Collected data »

....

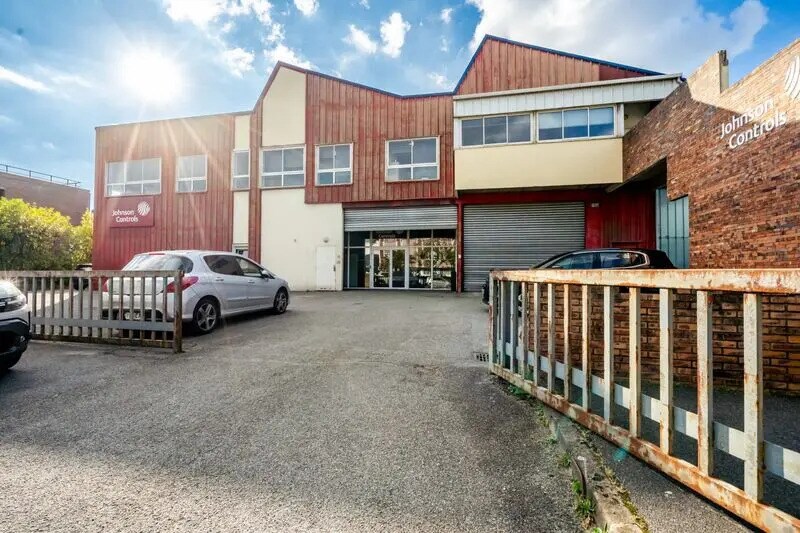 More Photos Of 11 Rue De La Mare Blanche, Noisiel Flex For Lease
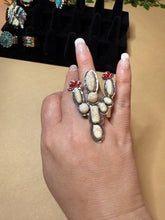 Load image into Gallery viewer, Cactus ring - stretchy

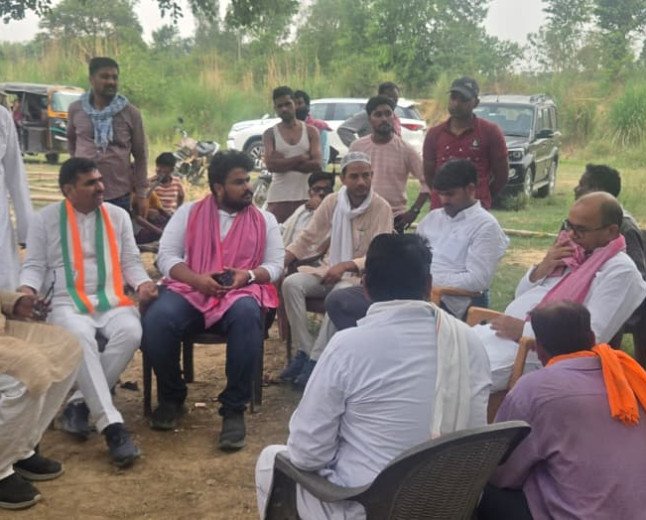 अम्बेडकर नगर: मईपुर अग्निकांड पीड़ितों से मिले कांग्रेस जिलाध्यक्ष, दी चेतावनी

....

Task instructions »
From the material above, reproduce everything verbatim except the pictures.

Response to the exercise »
 More Photos Of 11 Rue De La Mare Blanche, Noisiel Flex For Lease
 Load image into Gallery viewer, Cactus ring - stretchy

 अम्बेडकर नगर: मईपुर अग्निकांड पीड़ितों से मिले कांग्रेस जिलाध्यक्ष, दी चेतावनी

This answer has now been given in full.